Task objective: Everything from the line containing "dining room featuring" through the line containing "a sunset over" should be repeated exactly, and nothing else from the data.

Dataset:
######
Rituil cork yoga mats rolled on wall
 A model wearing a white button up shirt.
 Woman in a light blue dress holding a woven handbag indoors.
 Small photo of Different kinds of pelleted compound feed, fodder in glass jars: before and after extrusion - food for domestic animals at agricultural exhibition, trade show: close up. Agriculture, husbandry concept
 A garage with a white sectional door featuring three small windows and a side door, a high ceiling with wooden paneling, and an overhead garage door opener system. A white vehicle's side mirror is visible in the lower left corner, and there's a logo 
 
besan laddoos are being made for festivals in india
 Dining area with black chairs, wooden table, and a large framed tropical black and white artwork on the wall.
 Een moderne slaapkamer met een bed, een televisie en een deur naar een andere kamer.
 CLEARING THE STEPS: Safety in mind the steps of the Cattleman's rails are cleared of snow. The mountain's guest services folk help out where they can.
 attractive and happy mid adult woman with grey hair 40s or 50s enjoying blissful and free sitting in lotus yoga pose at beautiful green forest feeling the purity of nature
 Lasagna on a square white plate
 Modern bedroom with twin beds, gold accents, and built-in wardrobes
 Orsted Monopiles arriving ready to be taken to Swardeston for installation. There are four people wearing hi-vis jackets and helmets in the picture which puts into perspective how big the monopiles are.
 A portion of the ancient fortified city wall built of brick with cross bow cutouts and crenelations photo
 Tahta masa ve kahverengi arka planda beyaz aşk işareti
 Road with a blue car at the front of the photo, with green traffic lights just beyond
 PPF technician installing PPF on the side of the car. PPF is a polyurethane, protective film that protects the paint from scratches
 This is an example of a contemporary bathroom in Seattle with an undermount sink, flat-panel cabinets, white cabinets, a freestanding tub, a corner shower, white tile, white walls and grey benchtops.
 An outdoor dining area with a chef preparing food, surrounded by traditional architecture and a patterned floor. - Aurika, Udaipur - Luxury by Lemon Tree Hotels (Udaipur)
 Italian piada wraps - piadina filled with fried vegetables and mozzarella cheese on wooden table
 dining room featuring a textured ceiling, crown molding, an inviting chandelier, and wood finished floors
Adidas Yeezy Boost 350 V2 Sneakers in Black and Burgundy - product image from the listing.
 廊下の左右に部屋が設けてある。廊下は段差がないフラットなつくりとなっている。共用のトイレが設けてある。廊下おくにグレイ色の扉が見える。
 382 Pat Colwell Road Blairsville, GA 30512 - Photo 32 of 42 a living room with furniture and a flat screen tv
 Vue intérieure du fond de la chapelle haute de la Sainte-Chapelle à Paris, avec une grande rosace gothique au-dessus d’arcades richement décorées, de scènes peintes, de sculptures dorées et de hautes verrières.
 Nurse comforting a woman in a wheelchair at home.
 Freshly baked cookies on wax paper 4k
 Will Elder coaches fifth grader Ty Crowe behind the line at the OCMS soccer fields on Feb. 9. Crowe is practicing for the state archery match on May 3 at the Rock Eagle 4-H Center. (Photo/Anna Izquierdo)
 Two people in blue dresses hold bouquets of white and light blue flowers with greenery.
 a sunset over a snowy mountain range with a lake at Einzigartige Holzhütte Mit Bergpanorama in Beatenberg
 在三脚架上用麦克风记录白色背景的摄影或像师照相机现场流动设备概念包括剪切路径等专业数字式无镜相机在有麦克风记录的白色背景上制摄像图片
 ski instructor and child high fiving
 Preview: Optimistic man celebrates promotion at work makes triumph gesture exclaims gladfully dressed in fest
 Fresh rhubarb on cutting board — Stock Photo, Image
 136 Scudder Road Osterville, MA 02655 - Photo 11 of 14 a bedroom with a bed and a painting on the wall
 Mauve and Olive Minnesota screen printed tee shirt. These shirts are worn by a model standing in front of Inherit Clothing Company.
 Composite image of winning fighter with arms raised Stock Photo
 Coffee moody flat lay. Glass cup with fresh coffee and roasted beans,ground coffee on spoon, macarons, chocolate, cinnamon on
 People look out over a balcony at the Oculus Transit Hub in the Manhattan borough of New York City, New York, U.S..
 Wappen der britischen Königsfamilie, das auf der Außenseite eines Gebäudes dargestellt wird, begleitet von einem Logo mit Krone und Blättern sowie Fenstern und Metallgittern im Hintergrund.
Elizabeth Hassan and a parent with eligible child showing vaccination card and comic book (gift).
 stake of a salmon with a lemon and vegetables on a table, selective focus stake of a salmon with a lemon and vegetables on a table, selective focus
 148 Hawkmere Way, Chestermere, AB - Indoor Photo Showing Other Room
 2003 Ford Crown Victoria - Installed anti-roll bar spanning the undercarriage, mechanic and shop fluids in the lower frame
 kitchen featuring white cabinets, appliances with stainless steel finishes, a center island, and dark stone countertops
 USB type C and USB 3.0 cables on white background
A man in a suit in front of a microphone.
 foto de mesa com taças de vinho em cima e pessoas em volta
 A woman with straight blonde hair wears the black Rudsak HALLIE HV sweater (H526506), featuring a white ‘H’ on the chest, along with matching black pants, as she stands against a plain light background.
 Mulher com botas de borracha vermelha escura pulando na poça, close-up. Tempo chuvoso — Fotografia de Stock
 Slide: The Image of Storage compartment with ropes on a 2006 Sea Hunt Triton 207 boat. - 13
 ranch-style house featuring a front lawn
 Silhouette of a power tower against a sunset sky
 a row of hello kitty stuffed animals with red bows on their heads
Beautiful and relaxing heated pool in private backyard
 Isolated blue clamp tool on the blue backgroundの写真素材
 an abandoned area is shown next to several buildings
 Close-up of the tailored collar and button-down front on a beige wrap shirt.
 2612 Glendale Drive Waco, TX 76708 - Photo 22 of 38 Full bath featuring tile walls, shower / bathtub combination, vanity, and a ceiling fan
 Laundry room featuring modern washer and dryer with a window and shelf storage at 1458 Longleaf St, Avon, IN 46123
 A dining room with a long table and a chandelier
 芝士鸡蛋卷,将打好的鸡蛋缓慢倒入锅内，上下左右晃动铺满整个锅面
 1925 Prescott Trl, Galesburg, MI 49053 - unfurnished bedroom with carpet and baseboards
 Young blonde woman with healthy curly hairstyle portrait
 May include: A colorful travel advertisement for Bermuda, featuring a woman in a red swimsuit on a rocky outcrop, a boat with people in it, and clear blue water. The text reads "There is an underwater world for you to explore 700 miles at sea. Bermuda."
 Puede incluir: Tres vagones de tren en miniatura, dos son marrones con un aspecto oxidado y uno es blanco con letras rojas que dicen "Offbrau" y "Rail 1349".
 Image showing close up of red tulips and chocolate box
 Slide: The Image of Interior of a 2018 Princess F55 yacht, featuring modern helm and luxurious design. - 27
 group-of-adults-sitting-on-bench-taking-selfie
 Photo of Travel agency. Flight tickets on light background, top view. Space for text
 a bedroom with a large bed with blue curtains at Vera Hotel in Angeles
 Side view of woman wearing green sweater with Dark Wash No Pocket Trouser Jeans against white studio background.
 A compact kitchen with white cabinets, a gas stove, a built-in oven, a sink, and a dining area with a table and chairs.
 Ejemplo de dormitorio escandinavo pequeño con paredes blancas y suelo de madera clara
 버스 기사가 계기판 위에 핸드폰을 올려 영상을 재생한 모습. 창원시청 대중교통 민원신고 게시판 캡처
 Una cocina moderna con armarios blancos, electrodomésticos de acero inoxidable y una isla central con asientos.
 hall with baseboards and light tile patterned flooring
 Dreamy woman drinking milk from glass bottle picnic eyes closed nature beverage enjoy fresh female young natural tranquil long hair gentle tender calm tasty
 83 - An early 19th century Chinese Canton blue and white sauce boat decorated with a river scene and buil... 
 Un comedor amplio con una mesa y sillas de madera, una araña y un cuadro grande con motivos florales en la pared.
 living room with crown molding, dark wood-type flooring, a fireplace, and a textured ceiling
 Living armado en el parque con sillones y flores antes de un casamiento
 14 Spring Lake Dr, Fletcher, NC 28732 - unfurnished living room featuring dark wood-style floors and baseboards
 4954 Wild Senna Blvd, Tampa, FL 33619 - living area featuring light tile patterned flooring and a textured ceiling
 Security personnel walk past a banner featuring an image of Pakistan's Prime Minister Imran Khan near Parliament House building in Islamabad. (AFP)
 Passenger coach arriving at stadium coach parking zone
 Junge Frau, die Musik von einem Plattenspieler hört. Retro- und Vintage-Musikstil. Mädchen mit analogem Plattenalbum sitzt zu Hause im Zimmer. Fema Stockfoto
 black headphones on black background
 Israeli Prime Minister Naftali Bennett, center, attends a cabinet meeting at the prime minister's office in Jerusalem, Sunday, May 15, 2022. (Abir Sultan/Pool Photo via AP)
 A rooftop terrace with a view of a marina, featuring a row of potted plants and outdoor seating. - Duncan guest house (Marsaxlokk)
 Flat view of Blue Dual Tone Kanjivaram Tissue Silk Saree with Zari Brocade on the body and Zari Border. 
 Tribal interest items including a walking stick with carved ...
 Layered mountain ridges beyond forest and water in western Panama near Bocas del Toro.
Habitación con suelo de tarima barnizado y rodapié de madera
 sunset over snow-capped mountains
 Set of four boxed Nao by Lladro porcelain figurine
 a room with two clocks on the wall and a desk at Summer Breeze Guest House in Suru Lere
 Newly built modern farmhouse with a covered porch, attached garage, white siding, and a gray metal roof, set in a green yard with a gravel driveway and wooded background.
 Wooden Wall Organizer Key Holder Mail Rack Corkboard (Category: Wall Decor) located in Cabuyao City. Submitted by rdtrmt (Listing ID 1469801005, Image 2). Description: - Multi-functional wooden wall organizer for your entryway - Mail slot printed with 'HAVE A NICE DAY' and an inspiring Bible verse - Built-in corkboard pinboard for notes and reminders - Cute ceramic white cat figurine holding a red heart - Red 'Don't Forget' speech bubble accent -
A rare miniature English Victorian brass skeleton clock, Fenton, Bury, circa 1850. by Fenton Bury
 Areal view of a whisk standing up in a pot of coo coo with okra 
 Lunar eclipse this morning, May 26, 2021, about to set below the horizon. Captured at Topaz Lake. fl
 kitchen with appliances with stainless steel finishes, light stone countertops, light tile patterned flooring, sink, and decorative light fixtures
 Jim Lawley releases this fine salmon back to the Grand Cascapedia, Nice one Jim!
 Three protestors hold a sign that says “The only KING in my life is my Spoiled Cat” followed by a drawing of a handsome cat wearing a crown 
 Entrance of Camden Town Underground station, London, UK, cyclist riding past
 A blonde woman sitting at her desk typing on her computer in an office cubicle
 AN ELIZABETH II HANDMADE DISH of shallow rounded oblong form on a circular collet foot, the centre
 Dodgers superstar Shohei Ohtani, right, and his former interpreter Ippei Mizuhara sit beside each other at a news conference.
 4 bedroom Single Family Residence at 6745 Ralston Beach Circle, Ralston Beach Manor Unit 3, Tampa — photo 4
######
Exercise solution:
 dining room featuring a textured ceiling, crown molding, an inviting chandelier, and wood finished floors
Adidas Yeezy Boost 350 V2 Sneakers in Black and Burgundy - product image from the listing.
 廊下の左右に部屋が設けてある。廊下は段差がないフラットなつくりとなっている。共用のトイレが設けてある。廊下おくにグレイ色の扉が見える。
 382 Pat Colwell Road Blairsville, GA 30512 - Photo 32 of 42 a living room with furniture and a flat screen tv
 Vue intérieure du fond de la chapelle haute de la Sainte-Chapelle à Paris, avec une grande rosace gothique au-dessus d’arcades richement décorées, de scènes peintes, de sculptures dorées et de hautes verrières.
 Nurse comforting a woman in a wheelchair at home.
 Freshly baked cookies on wax paper 4k
 Will Elder coaches fifth grader Ty Crowe behind the line at the OCMS soccer fields on Feb. 9. Crowe is practicing for the state archery match on May 3 at the Rock Eagle 4-H Center. (Photo/Anna Izquierdo)
 Two people in blue dresses hold bouquets of white and light blue flowers with greenery.
 a sunset over a snowy mountain range with a lake at Einzigartige Holzhütte Mit Bergpanorama in Beatenberg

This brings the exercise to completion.